As a part of the Java interview question paper I have got following issue to solve. But I am bit wonder whether how can I implement it without any Collection or intermediate

Answer 1

There is one method where you can use Math.abs. You should check for the sign positive.If it is positive then make it negative. If negative then that's the duplicated number or the repeated number. Example: A[] = {1, 1, 2, 3, 2} i=0; Check sign of A[abs(A[0])] which is A[1]. A[1] is positive, so make it negative. Array now becomes {1, -1, 2, 3, 2}

i=1; Check sign of A[abs(A[1])] which is A[1]. A[1] is negative, so A[1] is a repetition. Then just put all those repeated numbers into a list and print the size of the list.

The code in python is

    from astropy.extern.ply.cpp import xrange
def printrepeat(arr):
    print("The repeating elements are: ")
    list =[]
    for i in xrange(0,len(arr)):
        ch = abs(arr[i])

        if arr[ch] > 0:
            arr[ch] = (-1)*arr[ch];

        else: list.append(arr[ch])

    print(len(list))    




# driver code

arr = [1 , 3 , 2 , 2 , 1,3]
printrepeat(arr)            

Solution 2: Taking 2 pointers

class Abc1{
    public static void main(String[] args) {

   int[] a = {1, 1, 2, 3, 2};
   countDuplicates(a);
}

    private static void countDuplicates(int[] a) {
        int c = 0 ;
        for(int  i = 0 ; i < a.length ; i++) {

            for(int j = i+1 ; j < a.length;j++) {
                if(a[i] == a[j]) {c++ ;}
            }//for
        }//for1
        System.out.println("dup => " + c);
    }

}

Solution 3: HashSet

class Abc1{
    public static void main(String[] args) {

  String a = "Gini Gina Protijayi";
   countDuplicates(a);
}

    private static void countDuplicates(String aa) {
        List list= new ArrayList<>();
       Set set = new HashSet<>();
       // remove all the whitespaces 
       String a = aa.replaceAll("\\s+","");
       for(  char ch : a.toCharArray()) {

           if(!set.contains(ch)) {
               set.add(ch);
           }//if
           else {if(!list.contains(ch) ) {list.add(ch);}      }
       }//for
       System.out.println("number of duplicate characters in the string =>" + list.size());
       System.out.println(list);
    }

}

Solution:4(same concept as solution 1 but code is in Java)

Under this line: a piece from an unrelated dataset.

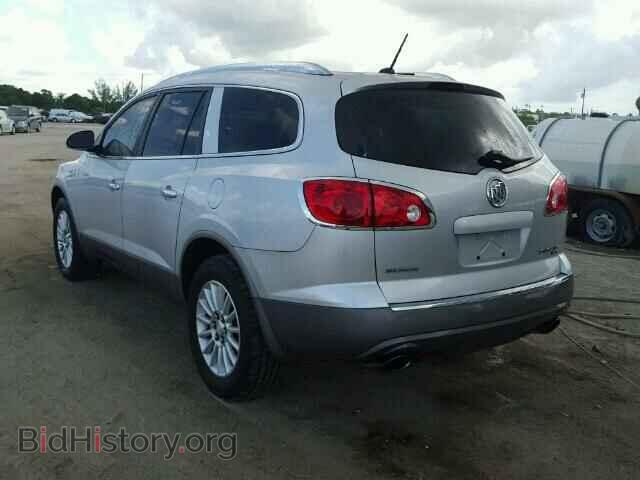 2009 BUICK ENCLAVE - VIN: 5GAER23D79J101079 - Фото 3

import java.util.ArrayList;
import java.util.List;

public class AA {

    public static void main(String[] args) {
         int a[] = {4, 2, 4, 5, 2, 3, 1};
         printRepeat(a);


    }

    private static void printRepeat(int[] a) {
        List list = new ArrayList<>();
        for (int i = 0; i < a.length; i++) {
            if( a[Math.abs(a[i])]  > 0) {
                a[Math.abs(a[i])] = (-1)*  a[Math.abs(a[i])] ; 
            }//if
            else {
                System.out.println( "Duplicate numbers => " + Math.abs(a[i])         );
                list.add(Math.abs(a[i]));
                System.out.println("list => " + list);
                System.out.println("list.size() or the count of duplicates => " + list.size());
            }//else

        }//for

    }//print
    }